サービスを超えるには | 20年以上の倉庫現場経験者が伝える仕事術

20年以上の倉庫現場経験者が伝える仕事術

20年以上の倉庫でフォークリフトを使っての仕事経験を活かした現場で培ってきた仕事術をお伝えします。

リッツ・カールトンが大切にする サービスを超える瞬間 」を読んで、本当のサービスとは何かと言う事を改めて考えさせられ、まさに「パッションが伴うエンパワーメントが生み出すミスティーク」と言う事だと思った。


リッツ・カールトンと言えば、「クレド」・「エンプロイー・プロミス(従業員への約束)」・「サービスの3ステップ」・「モットー」・「ザ・リッツ・カールトン・ベーシック」だと思う。

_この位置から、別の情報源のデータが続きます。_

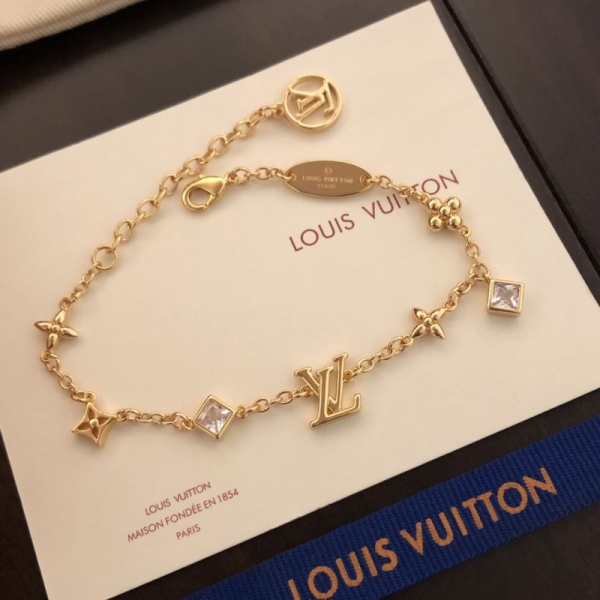 Louis Vuitton LV Diamond Bracelets M1040A & Necklaces M01322 （Replica） - Image 4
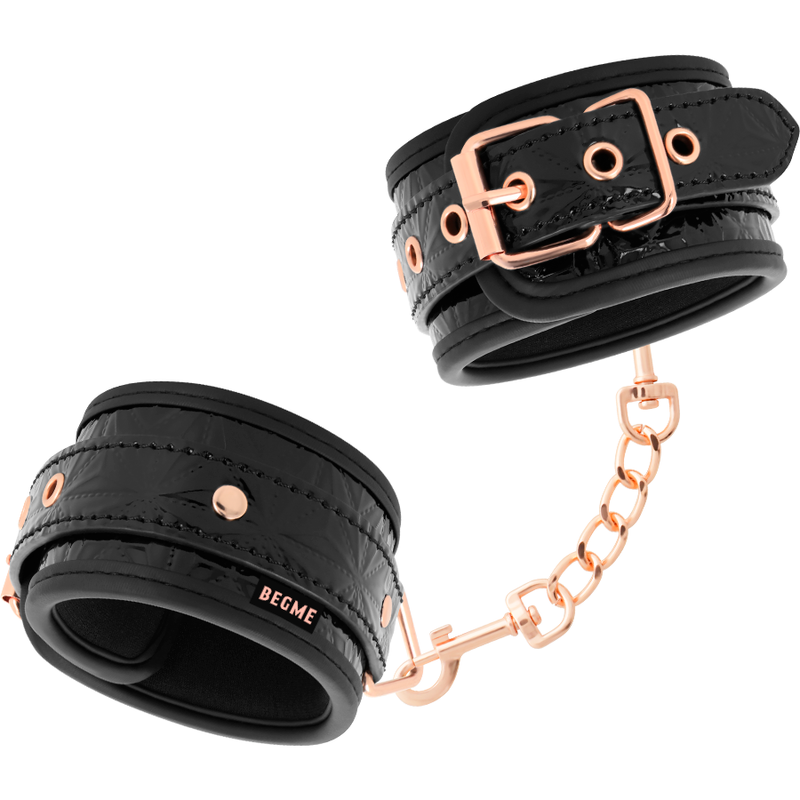 BEGME BLACK EDITION Black Edition Premium Menottes Chevilles - Aura Intime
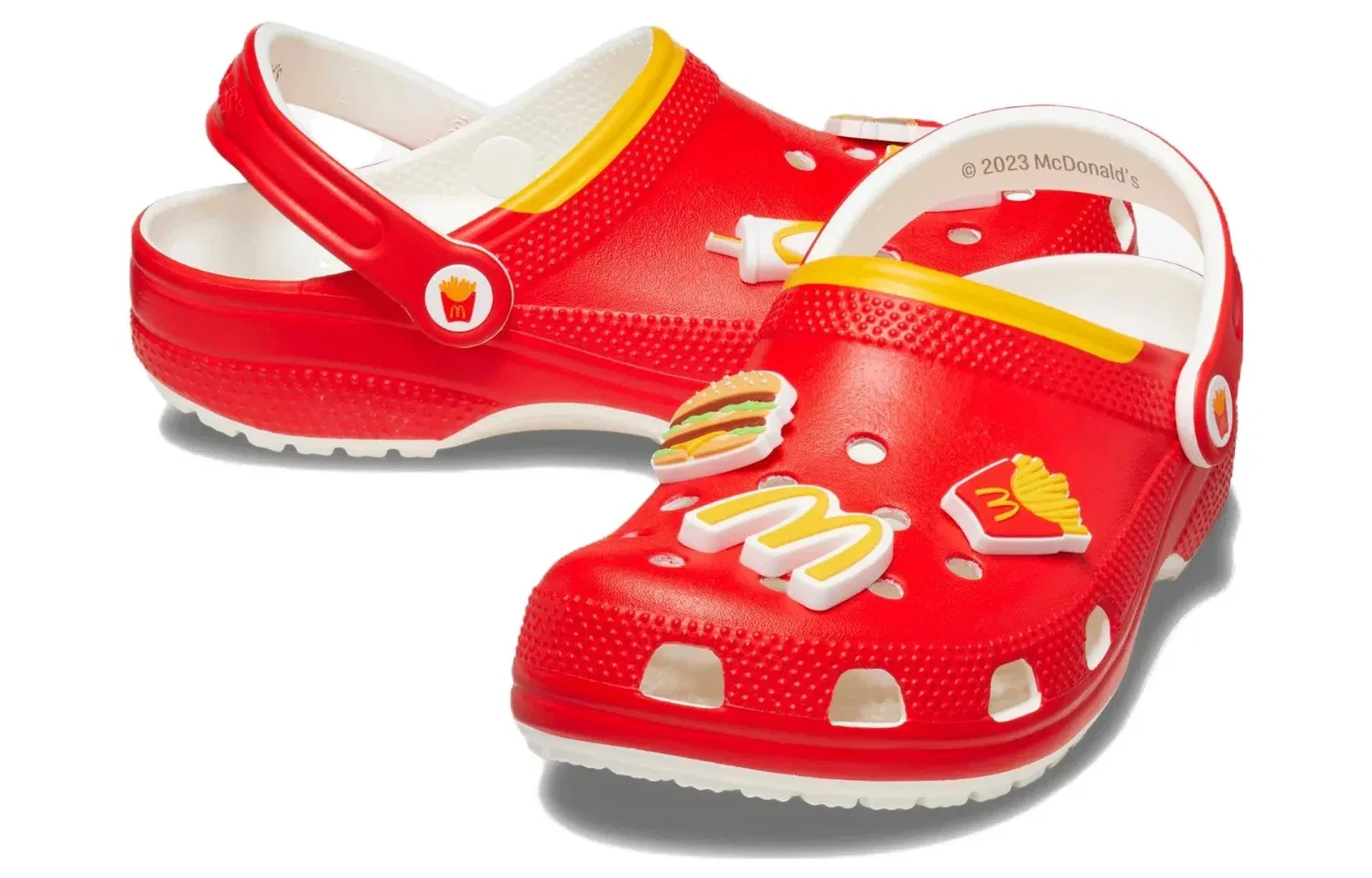 Crocs Classic 209858-90H Clog Red McDonald's Casual Shoes JAX1245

この内容を真似る事は簡単にどこの企業も出来るが、その本質を真似る事は簡単な事ではない。

なぜなら、経営者もリッツ・カールトンの経営者と同じくらいか、それ以上のパッションを持っていないと実現は無理。

言いかえると企業側の努力なくして、リッツ・カールトンと同等の企業形態を作る事は出来ない。


一時期、エンパワーメントと言う言葉が流行ったが、ほとんどの企業は形だけのエンパワーメントであり、事実上は個人の責任が重くなったに過ぎないと思う。

それに対して、リッツ・カールトンの従業員には、一日約20万円の決裁権が与えられ、場合によっては、自分の通常業務を離れる事も許されている。

この事から、従業員は、お客様に対して行えるサービスの幅が広がり、「リッツ・カールトン・ミスティーク」と言う言葉が出来たゆえんだと思う。


ただ、このように優れたエンパワーメントが与えられていても、従業員が言お客様の事を本当に大切にして、お客様の立場に立って考え、お客様のニーズを先読みしなくては、宝の持ち腐れとなってしまうが、朝の朝礼から始まり毎年の研修をする事で絶えず意識する事により正常に機能させている。


そして、もう一つ大切な事は、セッションを超えた協力関係をいつもでも確保出来る事。

お客様の細かい(趣味や好み、その他宿泊の目的など)情報をホテル全体の従業員で共有する事で、従業員の誰もが、お客様に対してさりげない心遣いを行え、ニーズの先読みが出来るようにしている。



経済的な余裕や社会的地位を持っているトップ5パーセントの顧客層をコアターゲットにしている為であり、そのようなお客様の感性を先読みする為には、同じような感性を身に着ける意味で、モットーの一文に「紳士淑女にお仕えする我々も紳士淑女です」とあるように、企業側も従業員が自分達が「紳士淑女」と思えるように惜しみないサービスや研修を行っている。


トップ5パーセントの顧客層をコアターゲットをする本当の意味は、そのような方々が満足するサービスを多くの方々に触れてもらいたいと言う意味が込められているらしい。



本当に確かな仕事であるが、それ以上にやりがいもあり、企業側も従業員が成長し、仕事にやりがいを見出せるように惜しみない協力とサービスを行っている事が良く判る。



本当の意味で、仕事であって仕事ではないと言えると思う。